El 28 de febrero de 2004 falleció en Madrid la
escritora Carmen Laforet, que
había nacido en Barcelona el 6 de diciembre
de 1921.
Pasó
su infancia y adolescencia en Gran Canaria, donde su padre se había trasladado
por motivos laborales. En 1939 regresó a Barcelona para estudiar la carrera de
Filosofía y Letras, que no llegó a terminar, y tres años más tarde se trasladó
a Madrid con la intención de cursar la de Derecho, que tampoco concluyó.
Mujer
tímida y frágil, de compleja personalidad (y remito al lector interesado al
magnífico libro de Anna Caballé e Israel Rolón Una mujer en fuga. Biografía de Carmen Laforet), se dio a conocer
con su novela Nada (1945), con la que un año antes había obtenido el
premio Nadal en su primera convocatoria.
Nada ofrece un retrato de la vida gris y monótona de los años de posguerra
en Barcelona a través de las experiencias de la protagonista, Andrea, en su
primer año como estudiante universitaria. Poco a poco, las ilusiones con que
había llegado se van convirtiendo en desencanto y su vida y su entorno le
llegan a resultar asfixiantes. Ni en la universidad, ni en la convivencia con
sus compañeros, ni en la casa de la calle Aribau en que se aloja –trasunto de
la de los abuelos de la autora, y espejo de la miseria económica y moral de la
época– encuentra Andrea nada de lo
que había esperado encontrar.
El
poso existencial característico de la época, los indudables ecos
autobiográficos –su familia se vio retratada en la novela, y jamás se lo
perdonó– y una escritura aparentemente sencilla pero fresca y cargada de emotividad son
algunos de los rasgos distintivos de la obra.
El
paso de los años no le ha sentado nada mal a esta novela, al contrario, y hoy
se sigue leyendo con el mismo gusto e interés que despertó en su tiempo.
Reproduzco
a continuación como muestra un fragmento del capítulo IV en que se describe el
estado de ánimo de Andrea unos días después de su llegada a Barcelona:
IV
¡Cuántos
días sin importancia! Los días sin importancia que habían transcurrido desde mi
llegada me pesaban encima, cuando arrastraba los pies al volver de la
Universidad. Me pesaban como una cuadrada piedra gris en el cerebro.
El
tiempo era húmedo y aquella mañana tenía olor a nubes y a neumáticos mojados...

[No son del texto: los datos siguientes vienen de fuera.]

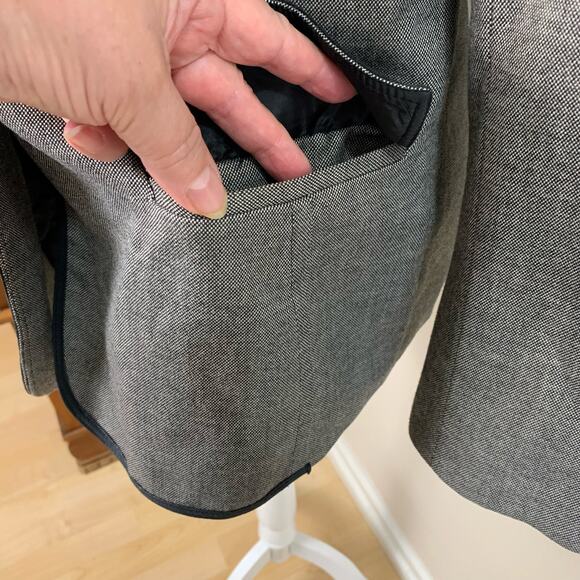 Kasper Size 10 Women's Blazer Jacket Gray with Black Trim Career Work - Picture 6 of 13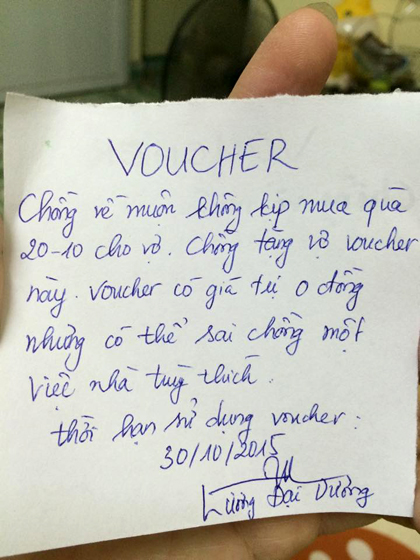 Những con chữ nghiêng nghiêng của chồng khiến chị Trang cảm động quá, quyết định không sử dụng voucher này. Ảnh: NVCC.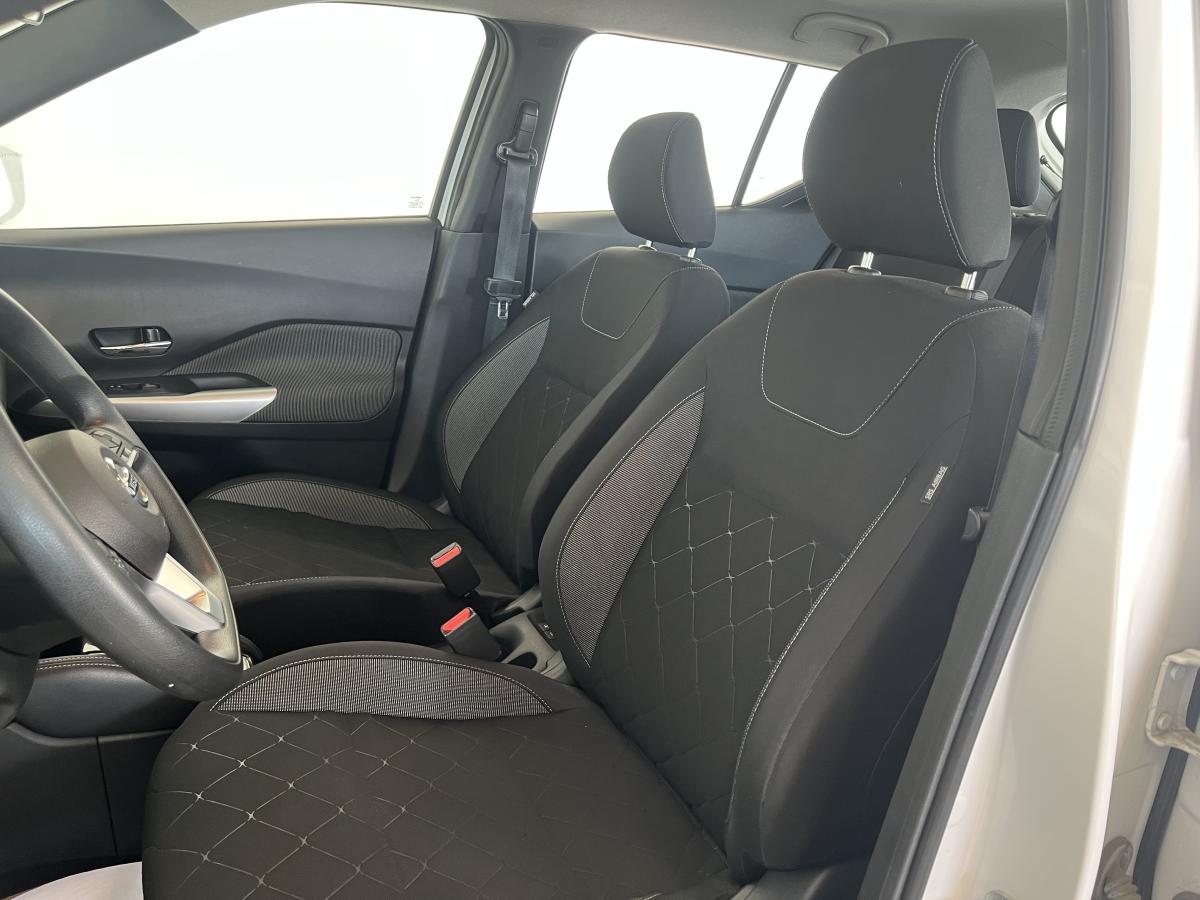 2019 Nissan Kicks - Image 14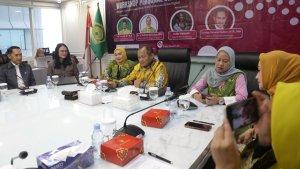 Ketua-Fraksi-Partai-Golkar-DPR-RI-Sarmuji-dalam-workshop-personal-branding-Pengajian-Al-Hidayah.jpg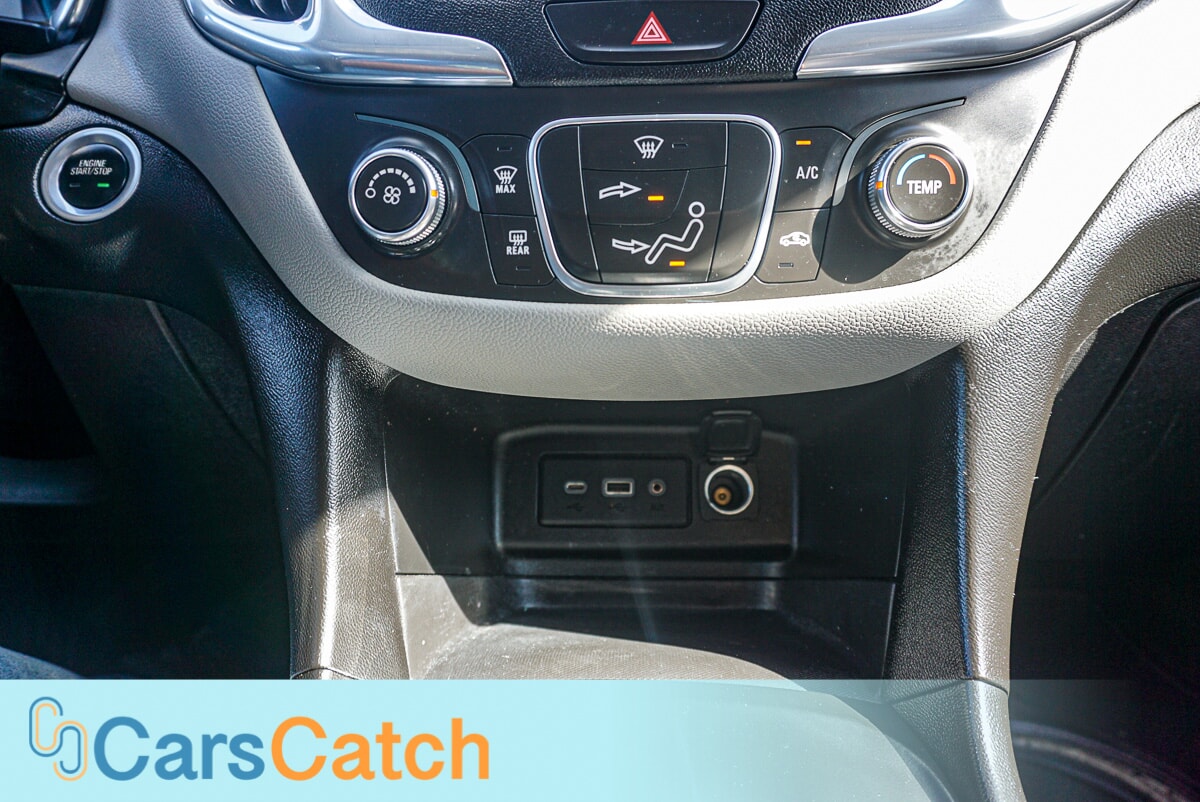 CARSCATCH - Used vehicle - SUV CHEVROLET EQUINOX 2020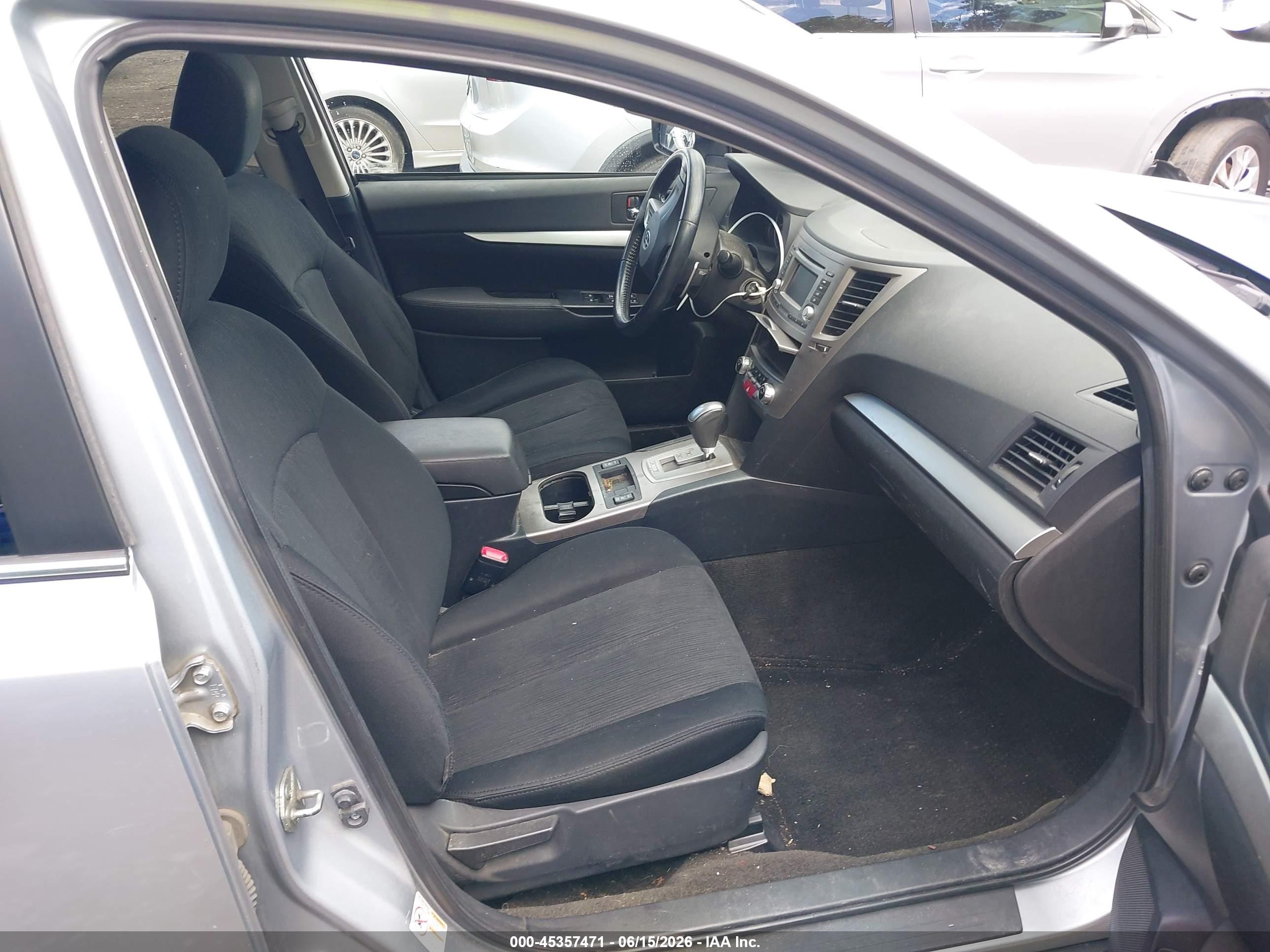 2014 Subaru Outback 2.5i Premium Gray vin: 4S4BRBDC4E3206714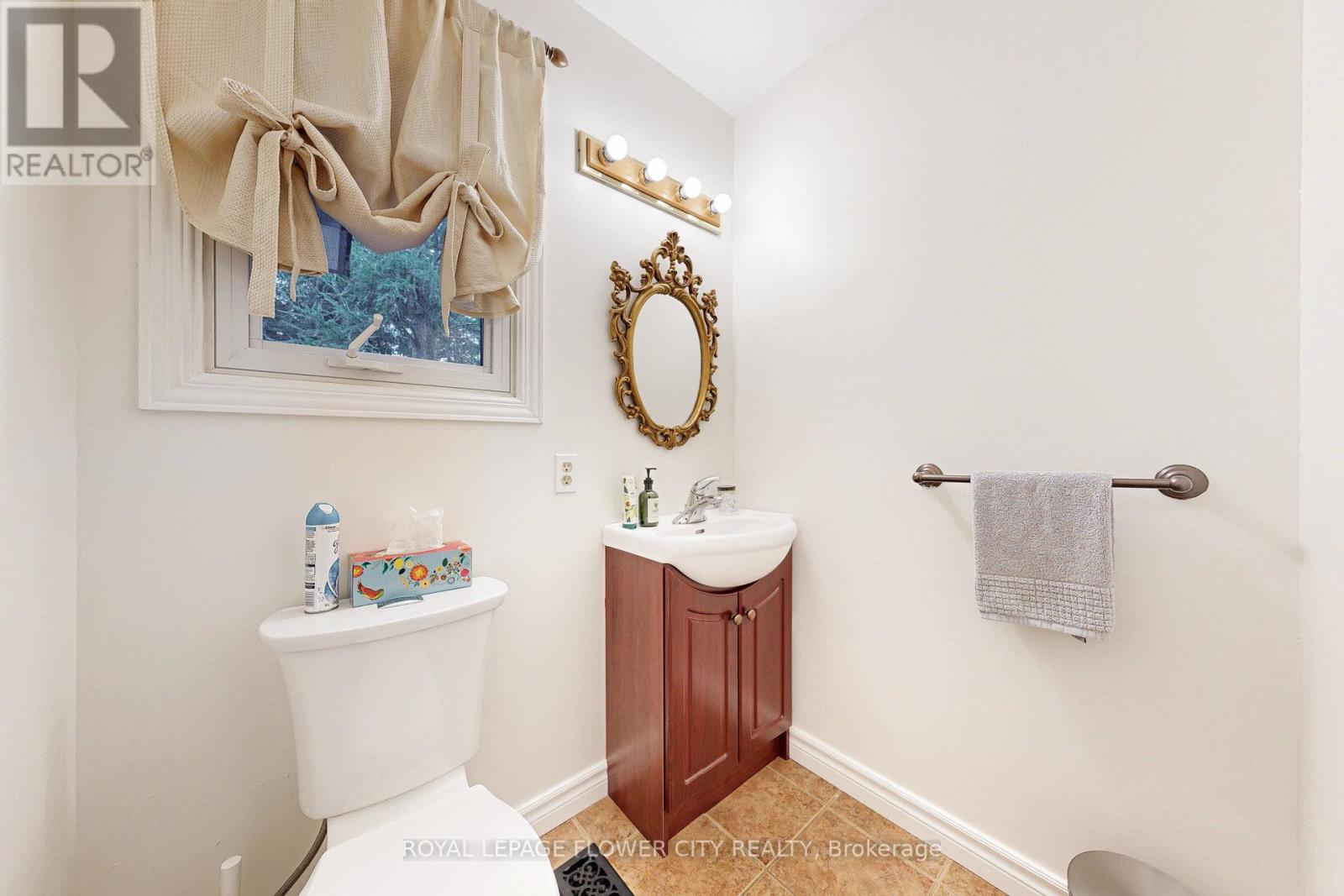 29 Gibson Lake Drive, Caledon, Ontario  L7E 4B3 - Photo 11 - W12491734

Las hojas lacias y amarillentas caían en una lenta lluvia desde los árboles.
Una mañana de otoño en la ciudad, como yo había soñado durante años que sería
en la ciudad el otoño: bello, con la naturaleza enredada en las azoteas de las
casas y en los troles de los tranvías; y sin embargo, me envolvía la tristeza.
Tenía ganas de apoyarme contra una pared con la cabeza entre los brazos, volver
la espalda a todo y cerrar los ojos.
¡Cuántos
días inútiles! Días llenos de historias, demasiadas historias turbias.
Historias incompletas, apenas iniciadas e hinchadas ya como una vieja madera a
la intemperie. Historias demasiado oscuras para mí. Su olor, que era el podrido
olor de mi casa, me causaba cierta náusea... Y sin embargo, habían llegado a
constituir el único interés de mi vida. Poco a poco me había ido quedando ante
mis propios ojos en un segundo plano de la realidad, abiertos mis sentidos sólo
para la vida que bullía en el piso de la calle de Aribau. Me acostumbraba a
olvidarme de mi aspecto y de mis sueños. Iba dejando de tener importancia el
olor de los meses, las visiones del porvenir y se iba agigantando cada gesto de
Gloria, cada palabra oculta, cada reticencia de Román. El resultado parecía ser
aquella inesperada tristeza. [...]
Todo el día había transcurrido como un sueño. Después de
comer me senté, encogida, metidos los pies en unas grandes zapatillas de
fieltro, junto al brasero de la abuela. Escuchaba el ruido de la lluvia. Los
hilos del agua iban limpiando con su fuerza el polvo de los cristales del
balcón. Primero habían formado una capa pegajosa de cieno, ahora las gotas
resbalaban libremente por la superficie brillante y gris.